= PROBLEM DESCRIPTION =
Where a line has odd spacing or punctuation, keep it; transcribe all the entries exactly.

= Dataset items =
================

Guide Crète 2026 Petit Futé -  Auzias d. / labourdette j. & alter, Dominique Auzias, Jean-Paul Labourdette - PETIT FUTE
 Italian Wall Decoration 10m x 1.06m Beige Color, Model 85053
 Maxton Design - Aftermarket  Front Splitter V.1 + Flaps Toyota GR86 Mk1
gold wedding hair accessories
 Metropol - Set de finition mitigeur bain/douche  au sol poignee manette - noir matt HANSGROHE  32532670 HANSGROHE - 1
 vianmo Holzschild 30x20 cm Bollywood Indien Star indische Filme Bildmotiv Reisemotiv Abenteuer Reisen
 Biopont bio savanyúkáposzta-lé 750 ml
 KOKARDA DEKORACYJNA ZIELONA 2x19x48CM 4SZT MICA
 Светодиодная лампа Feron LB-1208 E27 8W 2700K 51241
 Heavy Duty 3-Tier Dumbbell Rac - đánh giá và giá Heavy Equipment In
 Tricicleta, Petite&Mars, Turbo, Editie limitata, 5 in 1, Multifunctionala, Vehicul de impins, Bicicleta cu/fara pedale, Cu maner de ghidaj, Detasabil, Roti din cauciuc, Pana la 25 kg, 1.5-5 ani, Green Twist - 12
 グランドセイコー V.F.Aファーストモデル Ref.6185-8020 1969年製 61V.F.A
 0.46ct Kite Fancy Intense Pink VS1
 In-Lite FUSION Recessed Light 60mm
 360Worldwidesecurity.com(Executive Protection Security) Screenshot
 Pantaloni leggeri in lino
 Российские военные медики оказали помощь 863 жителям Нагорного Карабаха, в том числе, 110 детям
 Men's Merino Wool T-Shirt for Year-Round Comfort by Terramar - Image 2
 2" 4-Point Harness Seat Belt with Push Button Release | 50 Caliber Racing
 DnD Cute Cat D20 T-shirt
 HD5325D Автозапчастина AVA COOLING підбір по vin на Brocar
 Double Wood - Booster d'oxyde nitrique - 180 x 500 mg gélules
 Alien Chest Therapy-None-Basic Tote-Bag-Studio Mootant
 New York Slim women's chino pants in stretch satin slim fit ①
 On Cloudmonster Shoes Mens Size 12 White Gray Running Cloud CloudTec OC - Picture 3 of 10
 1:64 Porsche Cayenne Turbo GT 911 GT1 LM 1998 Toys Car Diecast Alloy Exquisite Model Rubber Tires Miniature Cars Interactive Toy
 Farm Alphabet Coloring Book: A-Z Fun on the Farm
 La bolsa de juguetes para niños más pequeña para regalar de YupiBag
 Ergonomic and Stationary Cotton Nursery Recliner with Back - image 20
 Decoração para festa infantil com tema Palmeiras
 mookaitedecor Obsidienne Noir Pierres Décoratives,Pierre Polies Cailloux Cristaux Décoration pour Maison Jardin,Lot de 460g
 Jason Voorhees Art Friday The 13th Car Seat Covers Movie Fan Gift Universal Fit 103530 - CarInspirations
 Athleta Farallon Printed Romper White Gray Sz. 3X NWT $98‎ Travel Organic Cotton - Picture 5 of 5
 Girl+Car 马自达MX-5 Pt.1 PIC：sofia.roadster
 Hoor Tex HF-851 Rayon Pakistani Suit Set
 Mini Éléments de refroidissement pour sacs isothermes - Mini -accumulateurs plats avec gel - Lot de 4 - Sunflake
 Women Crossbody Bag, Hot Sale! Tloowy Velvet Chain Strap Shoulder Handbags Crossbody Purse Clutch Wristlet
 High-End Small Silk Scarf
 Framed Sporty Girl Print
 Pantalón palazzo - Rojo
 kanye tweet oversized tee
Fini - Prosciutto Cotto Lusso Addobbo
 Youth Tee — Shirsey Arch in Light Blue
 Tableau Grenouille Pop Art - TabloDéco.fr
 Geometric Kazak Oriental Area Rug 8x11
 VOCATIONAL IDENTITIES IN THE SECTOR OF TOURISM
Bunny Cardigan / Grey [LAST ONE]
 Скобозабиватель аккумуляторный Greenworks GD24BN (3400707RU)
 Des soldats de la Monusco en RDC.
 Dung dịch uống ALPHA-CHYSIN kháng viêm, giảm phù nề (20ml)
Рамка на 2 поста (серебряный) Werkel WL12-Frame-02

================

= ANSWER =
Guide Crète 2026 Petit Futé -  Auzias d. / labourdette j. & alter, Dominique Auzias, Jean-Paul Labourdette - PETIT FUTE
 Italian Wall Decoration 10m x 1.06m Beige Color, Model 85053
 Maxton Design - Aftermarket  Front Splitter V.1 + Flaps Toyota GR86 Mk1
gold wedding hair accessories
 Metropol - Set de finition mitigeur bain/douche  au sol poignee manette - noir matt HANSGROHE  32532670 HANSGROHE - 1
 vianmo Holzschild 30x20 cm Bollywood Indien Star indische Filme Bildmotiv Reisemotiv Abenteuer Reisen
 Biopont bio savanyúkáposzta-lé 750 ml
 KOKARDA DEKORACYJNA ZIELONA 2x19x48CM 4SZT MICA
 Светодиодная лампа Feron LB-1208 E27 8W 2700K 51241
 Heavy Duty 3-Tier Dumbbell Rac - đánh giá và giá Heavy Equipment In
 Tricicleta, Petite&Mars, Turbo, Editie limitata, 5 in 1, Multifunctionala, Vehicul de impins, Bicicleta cu/fara pedale, Cu maner de ghidaj, Detasabil, Roti din cauciuc, Pana la 25 kg, 1.5-5 ani, Green Twist - 12
 グランドセイコー V.F.Aファーストモデル Ref.6185-8020 1969年製 61V.F.A
 0.46ct Kite Fancy Intense Pink VS1
 In-Lite FUSION Recessed Light 60mm
 360Worldwidesecurity.com(Executive Protection Security) Screenshot
 Pantaloni leggeri in lino
 Российские военные медики оказали помощь 863 жителям Нагорного Карабаха, в том числе, 110 детям
 Men's Merino Wool T-Shirt for Year-Round Comfort by Terramar - Image 2
 2" 4-Point Harness Seat Belt with Push Button Release | 50 Caliber Racing
 DnD Cute Cat D20 T-shirt
 HD5325D Автозапчастина AVA COOLING підбір по vin на Brocar
 Double Wood - Booster d'oxyde nitrique - 180 x 500 mg gélules
 Alien Chest Therapy-None-Basic Tote-Bag-Studio Mootant
 New York Slim women's chino pants in stretch satin slim fit ①
 On Cloudmonster Shoes Mens Size 12 White Gray Running Cloud CloudTec OC - Picture 3 of 10
 1:64 Porsche Cayenne Turbo GT 911 GT1 LM 1998 Toys Car Diecast Alloy Exquisite Model Rubber Tires Miniature Cars Interactive Toy
 Farm Alphabet Coloring Book: A-Z Fun on the Farm
 La bolsa de juguetes para niños más pequeña para regalar de YupiBag
 Ergonomic and Stationary Cotton Nursery Recliner with Back - image 20
 Decoração para festa infantil com tema Palmeiras
 mookaitedecor Obsidienne Noir Pierres Décoratives,Pierre Polies Cailloux Cristaux Décoration pour Maison Jardin,Lot de 460g
 Jason Voorhees Art Friday The 13th Car Seat Covers Movie Fan Gift Universal Fit 103530 - CarInspirations
 Athleta Farallon Printed Romper White Gray Sz. 3X NWT $98‎ Travel Organic Cotton - Picture 5 of 5
 Girl+Car 马自达MX-5 Pt.1 PIC：sofia.roadster
 Hoor Tex HF-851 Rayon Pakistani Suit Set
 Mini Éléments de refroidissement pour sacs isothermes - Mini -accumulateurs plats avec gel - Lot de 4 - Sunflake
 Women Crossbody Bag, Hot Sale! Tloowy Velvet Chain Strap Shoulder Handbags Crossbody Purse Clutch Wristlet
 High-End Small Silk Scarf
 Framed Sporty Girl Print
 Pantalón palazzo - Rojo
 kanye tweet oversized tee
Fini - Prosciutto Cotto Lusso Addobbo
 Youth Tee — Shirsey Arch in Light Blue
 Tableau Grenouille Pop Art - TabloDéco.fr
 Geometric Kazak Oriental Area Rug 8x11
 VOCATIONAL IDENTITIES IN THE SECTOR OF TOURISM
Bunny Cardigan / Grey [LAST ONE]
 Скобозабиватель аккумуляторный Greenworks GD24BN (3400707RU)
 Des soldats de la Monusco en RDC.
 Dung dịch uống ALPHA-CHYSIN kháng viêm, giảm phù nề (20ml)
Рамка на 2 поста (серебряный) Werkel WL12-Frame-02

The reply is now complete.